Passiamo alla guerra in Ucraina, perché lunedì 2 giugno si è tenuto a Istanbul un nuovo incontro tra le delegazioni di Russia e Ucraina. Era il secondo faccia a faccia di questo tipo – il primo si era svolto a maggio – ed è durato circa un’ora, ma senza portare a passi avanti significativi verso un cessate il fuoco o un accordo di pace.

Le due parti si sono limitate a concordare lo scambio di alcuni prigionieri di guerra – in particolare i più giovani o gravemente malati – e il rimpatrio dei corpi di circa 6.000 soldati per parte. Prima del vertice, l’Ucraina aveva inviato una proposta di cessate il fuoco di 30 giorni, mentre la Russia ha presentato le proprie condizioni solo durante l’incontro. Kiev ha detto di aver bisogno di tempo per valutarle, e un nuovo incontro è previsto per fine giugno.

L’appuntamento arrivava all’indomani di un attacco molto significativo da parte ucraina, che ha colpito cinque basi aeree in Russia distruggendo, secondo Kiev, una quarantina di bombardieri. L’operazione, pianificata per oltre un anno, è stata condotta con oltre 100 droni trasportati in camion fino a migliaia di chilometri dentro il territorio russo, fino in Siberia.

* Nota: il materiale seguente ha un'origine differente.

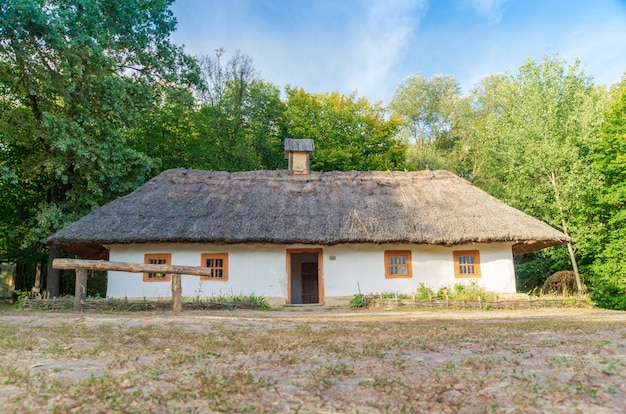 Oud Oekraïens huis, dit is een hut uit de negentiende eeuw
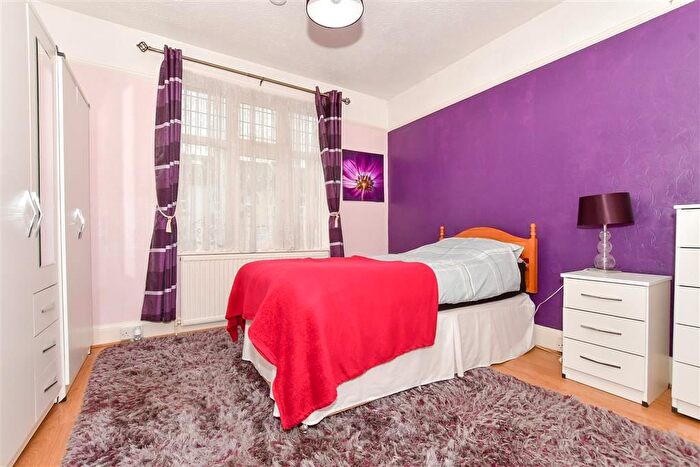 4 Bedroom Detached Bungalow For Sale In Newington Road, Ramsgate, Kent, CT12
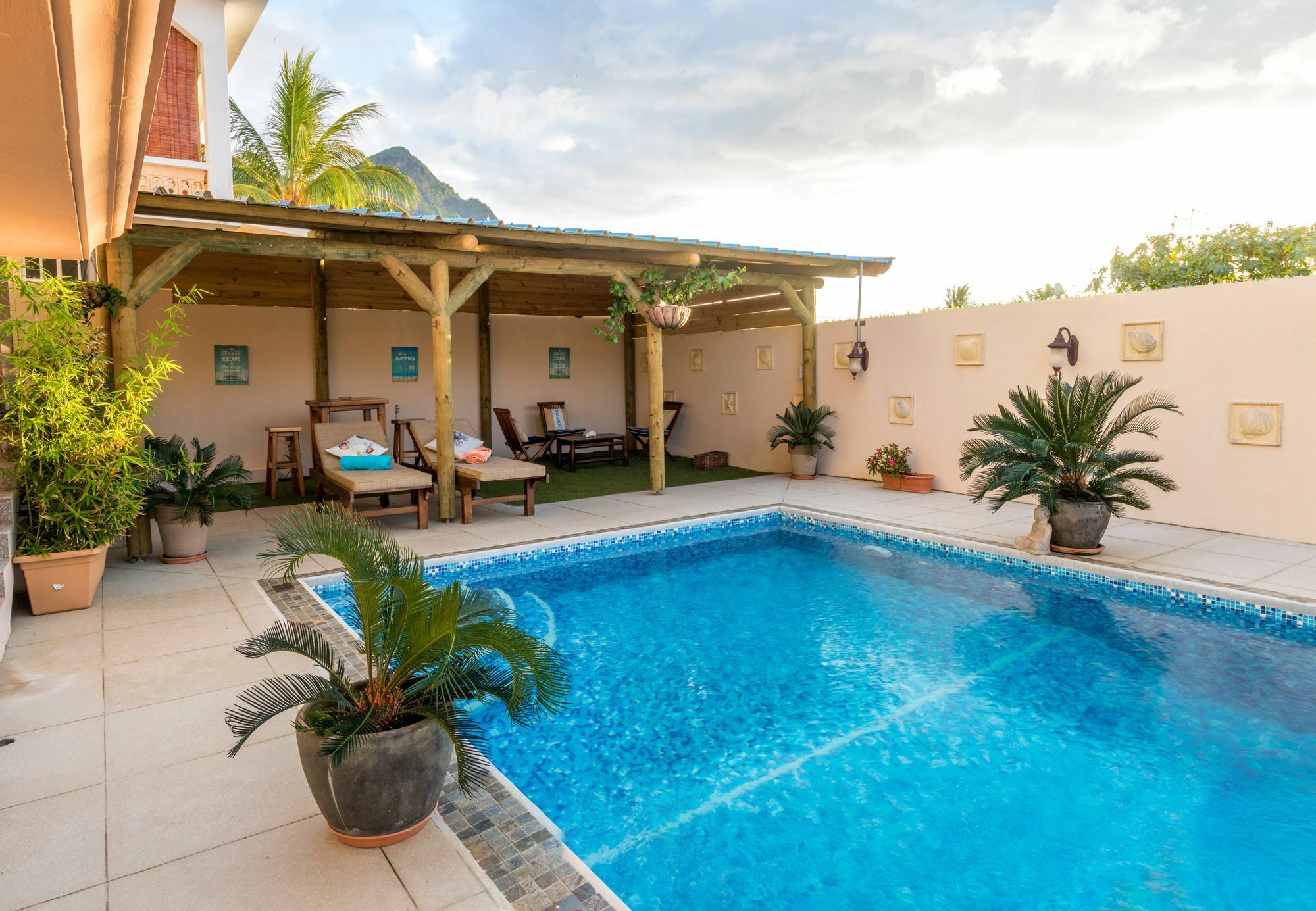 Blue Pearl Resort La Gaulette Exterior foto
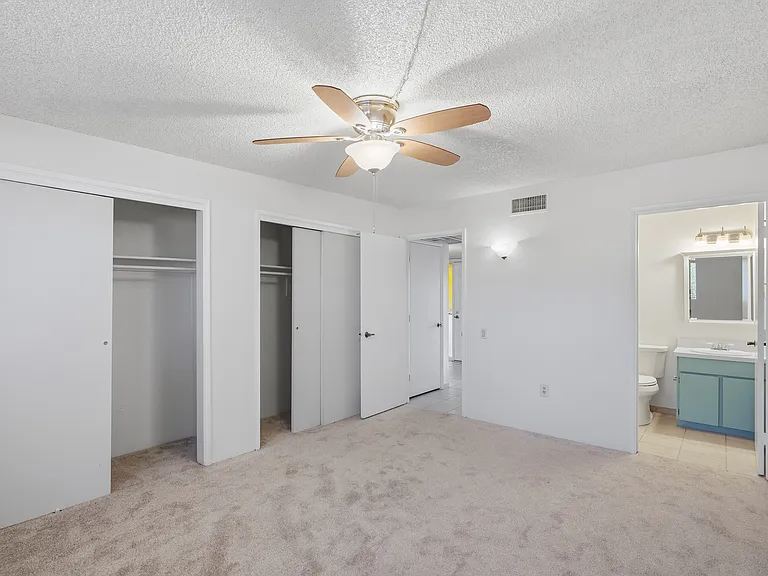 359 N Calle Del Chancero — Photo 11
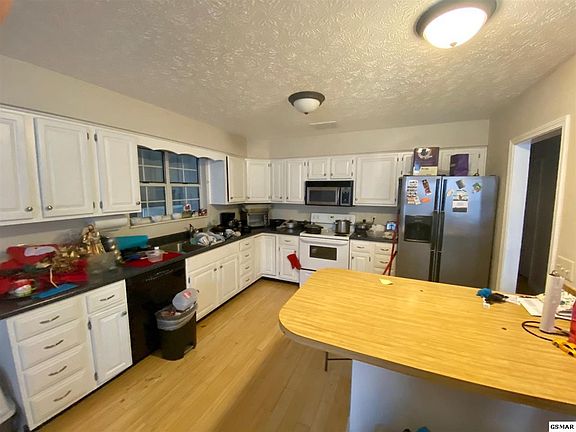 5th image of 428 Park Rd #432PARKROADISALSOINCLUDED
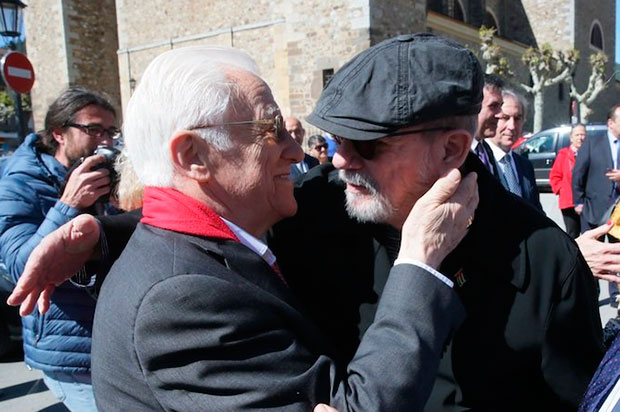 Ángel García Rodríguez, el Padre Ángel, y Silvio Rodríguez.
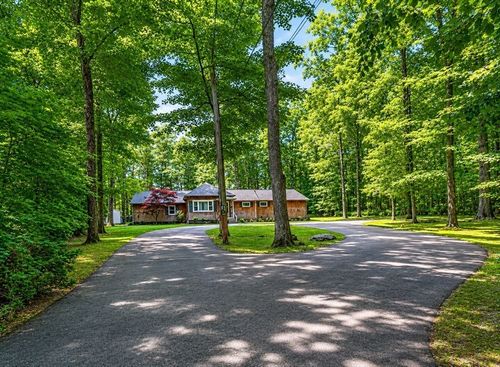 33 Lincoln St, Medway, MA, 02053-1651 | Card Image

Da mesi la Russia sembra puntare a prendere tempo, continuando a porre condizioni difficilmente accettabili. Questo atteggiamento comincia a irritare anche l’amministrazione Trump, che sta portando avanti negoziati separati con Mosca e Kiev, finora senza risultati concreti.

Giovedì della scorsa settimana c’è stata una grossa alluvione in Nigeria, che si è trasformata in una delle peggiori tragedie climatiche degli ultimi decenni per il paese. Piogge torrenziali si sono abbattute sulla città di Mokwa, nello Stato del Niger, provocando inondazioni devastanti che le autorità locali hanno definito le peggiori degli ultimi sessant’anni.

Il bilancio è drammatico: oltre 200 persone hanno perso la vita, circa 500 risultano disperse e più di 3.000 sono state costrette a lasciare le proprie case. Le acque hanno travolto interi quartieri, distrutto ponti, spazzato via strade, isolando migliaia di persone. Le squadre di soccorso hanno ormai sospeso le ricerche, dichiarando che è improbabile trovare altri sopravvissuti.

Alcuni residenti sospettano che a peggiorare la situazione sia stato il crollo di una diga a monte, ma questa ipotesi al momento non è stata confermata dalle autorità. Resta il fatto che disastri di questo tipo stanno diventando sempre più frequenti e gravi, e mettono in luce, ancora una volta, la crescente vulnerabilità di intere regioni agli eventi climatici estremi. Vulnerabilità che è legata non solo alla crisi climatica in sé, ma anche alla mancanza di infrastrutture adeguate per la gestione delle acque e alla fragilità dei sistemi di prevenzione.

Non è la prima volta che in Nigeria, durante la stagione delle piogge che dura normalmente da aprile a ottobre, avvengono alluvioni del genere. Tuttavia la potenza distruttiva di quest’ultima è stata piuttosto eccezionale. Durante tutta l’estate del 2022, anno in cui le piogge erano state particolarmente intense, le alluvioni avevano causato la morte di circa 600 persone in totale.